Boni Hargens Tuding NU Sedang Disasar Kelompok Radikal
Boni meminta kepada kepolisian agar mengusut tuntas kasus tersebut. Termasuk dugaan adanya orang lain yang menjadi aktor di balik kejadian ini.
Penulis: Dennis Destryawan
Editor: Choirul Arifin
Laporan Wartawan Tribunnews.com, Dennis Destryawan
TRIBUNNEWS.COM, JAKARTA - Pengamat Politik, Boni Hargens menyebut organisasi Islam Nahdlatul Ulama tengah disasar oleh kelompok-kelompok radikal.

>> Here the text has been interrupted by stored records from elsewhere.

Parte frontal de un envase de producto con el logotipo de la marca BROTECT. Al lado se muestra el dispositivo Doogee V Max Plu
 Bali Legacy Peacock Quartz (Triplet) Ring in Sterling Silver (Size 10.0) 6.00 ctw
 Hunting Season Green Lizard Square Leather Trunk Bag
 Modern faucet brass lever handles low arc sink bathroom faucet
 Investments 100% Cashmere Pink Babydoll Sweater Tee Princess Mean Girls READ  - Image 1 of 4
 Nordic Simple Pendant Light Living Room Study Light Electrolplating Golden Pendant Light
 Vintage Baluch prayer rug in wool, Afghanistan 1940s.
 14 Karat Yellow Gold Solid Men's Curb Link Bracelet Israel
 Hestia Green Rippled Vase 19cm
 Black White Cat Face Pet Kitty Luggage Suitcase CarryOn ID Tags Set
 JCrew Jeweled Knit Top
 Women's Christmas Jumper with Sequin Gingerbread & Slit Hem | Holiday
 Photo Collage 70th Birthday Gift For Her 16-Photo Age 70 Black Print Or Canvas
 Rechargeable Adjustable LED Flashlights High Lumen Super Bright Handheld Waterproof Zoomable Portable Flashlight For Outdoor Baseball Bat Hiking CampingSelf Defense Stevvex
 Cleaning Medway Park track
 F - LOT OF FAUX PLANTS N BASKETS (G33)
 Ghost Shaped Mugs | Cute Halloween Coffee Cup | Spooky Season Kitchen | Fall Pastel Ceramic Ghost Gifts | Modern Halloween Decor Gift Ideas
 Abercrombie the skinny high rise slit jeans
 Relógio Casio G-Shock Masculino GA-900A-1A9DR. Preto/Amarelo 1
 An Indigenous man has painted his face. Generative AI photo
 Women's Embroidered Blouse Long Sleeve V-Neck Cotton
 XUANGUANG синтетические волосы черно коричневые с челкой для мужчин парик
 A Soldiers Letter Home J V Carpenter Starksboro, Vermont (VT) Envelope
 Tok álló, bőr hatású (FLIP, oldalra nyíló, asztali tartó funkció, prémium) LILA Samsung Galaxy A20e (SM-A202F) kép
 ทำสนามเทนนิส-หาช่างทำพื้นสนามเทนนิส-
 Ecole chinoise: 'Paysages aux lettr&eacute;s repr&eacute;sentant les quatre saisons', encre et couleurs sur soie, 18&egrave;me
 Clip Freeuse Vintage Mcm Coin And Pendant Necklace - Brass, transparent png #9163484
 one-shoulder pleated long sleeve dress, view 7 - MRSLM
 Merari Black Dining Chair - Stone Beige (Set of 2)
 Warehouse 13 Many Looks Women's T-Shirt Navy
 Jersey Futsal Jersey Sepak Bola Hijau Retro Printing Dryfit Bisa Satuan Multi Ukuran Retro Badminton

Boni mengatakan, kasus pembakaran bendera di Garut, Jawa Barat, dipicu oleh sekelompok orang membawa bendera yang diduga bendera Hizbut Tahrir Indonesia. "Itu sebuah provokasi yang serius dan yang dibakar adalah bendera HTI," ujar Boni di kawasan Cikini, Jakarta Pusat, Jumat (26/10/2018).
Boni mengklaim, sudah ada himbauan dari pihak penyelenggara acara Hari Santri Nasional, bahwa peserta yang hadir tidak diperkenankan membawa bendera lain, selain merah putih. Namun, seorang pria bernama Uus Sukmana (34) membawa bendera yang diduga bendera HTI.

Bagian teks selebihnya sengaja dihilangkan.